(Records contained in a dataset)
::::

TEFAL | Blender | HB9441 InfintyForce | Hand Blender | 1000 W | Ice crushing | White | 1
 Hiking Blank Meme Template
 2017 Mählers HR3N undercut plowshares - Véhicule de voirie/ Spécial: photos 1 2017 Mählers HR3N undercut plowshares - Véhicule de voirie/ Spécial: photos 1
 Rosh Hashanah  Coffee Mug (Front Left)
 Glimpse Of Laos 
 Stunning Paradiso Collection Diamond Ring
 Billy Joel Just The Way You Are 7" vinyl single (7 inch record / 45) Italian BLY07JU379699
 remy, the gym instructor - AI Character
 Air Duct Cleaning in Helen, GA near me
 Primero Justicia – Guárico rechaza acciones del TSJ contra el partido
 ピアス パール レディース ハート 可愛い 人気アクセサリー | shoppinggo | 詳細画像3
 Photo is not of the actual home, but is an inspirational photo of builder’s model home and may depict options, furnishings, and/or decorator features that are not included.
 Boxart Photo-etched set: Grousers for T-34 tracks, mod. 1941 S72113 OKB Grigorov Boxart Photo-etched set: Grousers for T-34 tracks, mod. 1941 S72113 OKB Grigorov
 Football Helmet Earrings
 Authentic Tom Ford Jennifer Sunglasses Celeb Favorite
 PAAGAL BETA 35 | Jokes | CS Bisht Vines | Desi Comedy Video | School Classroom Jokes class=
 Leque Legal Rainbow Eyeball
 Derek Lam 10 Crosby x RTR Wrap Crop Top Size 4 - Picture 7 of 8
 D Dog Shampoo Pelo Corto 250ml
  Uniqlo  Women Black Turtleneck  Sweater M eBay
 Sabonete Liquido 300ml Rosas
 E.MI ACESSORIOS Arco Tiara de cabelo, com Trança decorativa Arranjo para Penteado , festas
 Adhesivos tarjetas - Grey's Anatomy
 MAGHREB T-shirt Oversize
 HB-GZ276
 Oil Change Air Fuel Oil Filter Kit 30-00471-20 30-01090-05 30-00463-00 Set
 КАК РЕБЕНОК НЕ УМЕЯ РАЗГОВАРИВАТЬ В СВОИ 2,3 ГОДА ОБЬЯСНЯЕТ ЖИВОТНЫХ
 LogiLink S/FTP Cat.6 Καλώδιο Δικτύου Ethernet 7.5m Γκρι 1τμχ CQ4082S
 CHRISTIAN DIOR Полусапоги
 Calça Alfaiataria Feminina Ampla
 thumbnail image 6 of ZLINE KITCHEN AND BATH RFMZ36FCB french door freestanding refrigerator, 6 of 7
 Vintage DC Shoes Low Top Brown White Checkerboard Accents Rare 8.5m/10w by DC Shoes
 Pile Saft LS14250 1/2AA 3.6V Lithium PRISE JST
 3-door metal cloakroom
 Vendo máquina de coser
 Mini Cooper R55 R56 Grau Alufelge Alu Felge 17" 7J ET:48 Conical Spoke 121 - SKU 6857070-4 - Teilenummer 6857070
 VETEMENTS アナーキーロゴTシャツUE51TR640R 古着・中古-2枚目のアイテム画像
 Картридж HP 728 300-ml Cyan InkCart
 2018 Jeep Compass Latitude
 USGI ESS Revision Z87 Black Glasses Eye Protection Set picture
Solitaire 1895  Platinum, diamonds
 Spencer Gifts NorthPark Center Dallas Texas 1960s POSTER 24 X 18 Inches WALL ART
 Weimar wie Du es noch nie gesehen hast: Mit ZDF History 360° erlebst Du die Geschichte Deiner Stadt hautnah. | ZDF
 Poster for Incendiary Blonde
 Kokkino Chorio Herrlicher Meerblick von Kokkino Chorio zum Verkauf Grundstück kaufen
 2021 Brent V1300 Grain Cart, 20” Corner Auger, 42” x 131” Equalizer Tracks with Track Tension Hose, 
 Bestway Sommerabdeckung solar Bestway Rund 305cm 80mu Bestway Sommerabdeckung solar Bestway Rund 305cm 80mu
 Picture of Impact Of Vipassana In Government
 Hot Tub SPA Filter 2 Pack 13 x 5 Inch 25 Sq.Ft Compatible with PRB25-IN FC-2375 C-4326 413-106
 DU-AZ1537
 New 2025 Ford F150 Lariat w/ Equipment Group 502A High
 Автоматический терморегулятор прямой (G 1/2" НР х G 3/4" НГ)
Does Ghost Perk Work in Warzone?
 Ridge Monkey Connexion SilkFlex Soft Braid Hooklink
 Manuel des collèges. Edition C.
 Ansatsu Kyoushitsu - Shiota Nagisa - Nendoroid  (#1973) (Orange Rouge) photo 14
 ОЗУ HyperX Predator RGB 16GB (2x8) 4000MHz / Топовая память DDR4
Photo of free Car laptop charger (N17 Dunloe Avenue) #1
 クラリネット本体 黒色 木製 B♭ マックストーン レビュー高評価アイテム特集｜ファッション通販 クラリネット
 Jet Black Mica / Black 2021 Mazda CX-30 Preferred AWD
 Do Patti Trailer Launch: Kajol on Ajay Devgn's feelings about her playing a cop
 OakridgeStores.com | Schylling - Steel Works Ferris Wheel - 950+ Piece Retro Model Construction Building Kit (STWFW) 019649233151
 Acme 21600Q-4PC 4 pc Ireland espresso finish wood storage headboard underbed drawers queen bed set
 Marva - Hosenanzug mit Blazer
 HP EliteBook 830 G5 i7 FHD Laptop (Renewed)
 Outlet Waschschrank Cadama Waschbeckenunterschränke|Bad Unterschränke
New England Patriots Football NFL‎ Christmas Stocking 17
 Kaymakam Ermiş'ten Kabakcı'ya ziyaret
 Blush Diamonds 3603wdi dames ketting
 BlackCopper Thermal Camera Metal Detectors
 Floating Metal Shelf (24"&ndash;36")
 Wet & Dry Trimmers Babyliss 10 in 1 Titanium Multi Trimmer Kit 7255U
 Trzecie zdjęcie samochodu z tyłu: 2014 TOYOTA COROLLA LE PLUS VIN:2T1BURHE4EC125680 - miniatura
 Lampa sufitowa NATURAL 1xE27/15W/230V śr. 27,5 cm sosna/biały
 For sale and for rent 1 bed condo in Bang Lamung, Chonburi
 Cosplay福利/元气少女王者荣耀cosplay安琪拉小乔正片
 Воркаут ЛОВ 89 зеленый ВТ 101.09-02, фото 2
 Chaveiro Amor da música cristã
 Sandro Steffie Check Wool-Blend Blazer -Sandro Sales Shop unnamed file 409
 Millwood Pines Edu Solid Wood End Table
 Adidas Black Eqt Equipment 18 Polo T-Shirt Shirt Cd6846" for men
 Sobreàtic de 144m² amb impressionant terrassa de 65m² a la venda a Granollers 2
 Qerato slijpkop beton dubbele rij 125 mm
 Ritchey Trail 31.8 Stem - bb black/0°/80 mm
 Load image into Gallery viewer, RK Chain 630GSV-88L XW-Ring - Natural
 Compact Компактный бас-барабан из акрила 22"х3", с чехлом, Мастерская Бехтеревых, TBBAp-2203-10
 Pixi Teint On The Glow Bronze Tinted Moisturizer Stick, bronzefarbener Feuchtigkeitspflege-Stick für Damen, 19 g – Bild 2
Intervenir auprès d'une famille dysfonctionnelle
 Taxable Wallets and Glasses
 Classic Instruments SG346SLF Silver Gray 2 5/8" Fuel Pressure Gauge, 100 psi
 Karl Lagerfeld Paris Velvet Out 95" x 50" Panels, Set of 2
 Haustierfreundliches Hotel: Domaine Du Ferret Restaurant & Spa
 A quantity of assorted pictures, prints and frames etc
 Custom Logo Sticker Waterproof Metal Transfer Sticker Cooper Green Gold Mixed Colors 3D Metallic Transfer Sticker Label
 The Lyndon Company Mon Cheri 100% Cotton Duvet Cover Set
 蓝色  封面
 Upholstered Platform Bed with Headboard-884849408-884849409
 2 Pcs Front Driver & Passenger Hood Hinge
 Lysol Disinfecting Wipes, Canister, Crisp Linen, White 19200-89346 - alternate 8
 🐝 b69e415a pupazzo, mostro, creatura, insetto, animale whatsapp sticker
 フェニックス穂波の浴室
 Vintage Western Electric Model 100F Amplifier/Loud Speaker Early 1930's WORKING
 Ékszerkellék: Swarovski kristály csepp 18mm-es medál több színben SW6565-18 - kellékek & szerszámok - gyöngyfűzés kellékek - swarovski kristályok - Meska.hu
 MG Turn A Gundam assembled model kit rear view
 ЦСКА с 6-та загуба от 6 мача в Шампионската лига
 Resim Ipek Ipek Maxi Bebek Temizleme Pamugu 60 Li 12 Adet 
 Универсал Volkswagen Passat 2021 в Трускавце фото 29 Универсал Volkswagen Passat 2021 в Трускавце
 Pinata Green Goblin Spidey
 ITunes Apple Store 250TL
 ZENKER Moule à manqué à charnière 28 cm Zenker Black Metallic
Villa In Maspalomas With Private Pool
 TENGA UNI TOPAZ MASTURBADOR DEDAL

::::

● PROBLEM STATEMENT
Wherever the string "Blazer" appears in a line of the records, copy that line.

● ANSWER TO THE PROBLEM
 Marva - Hosenanzug mit Blazer
 Sandro Steffie Check Wool-Blend Blazer -Sandro Sales Shop unnamed file 409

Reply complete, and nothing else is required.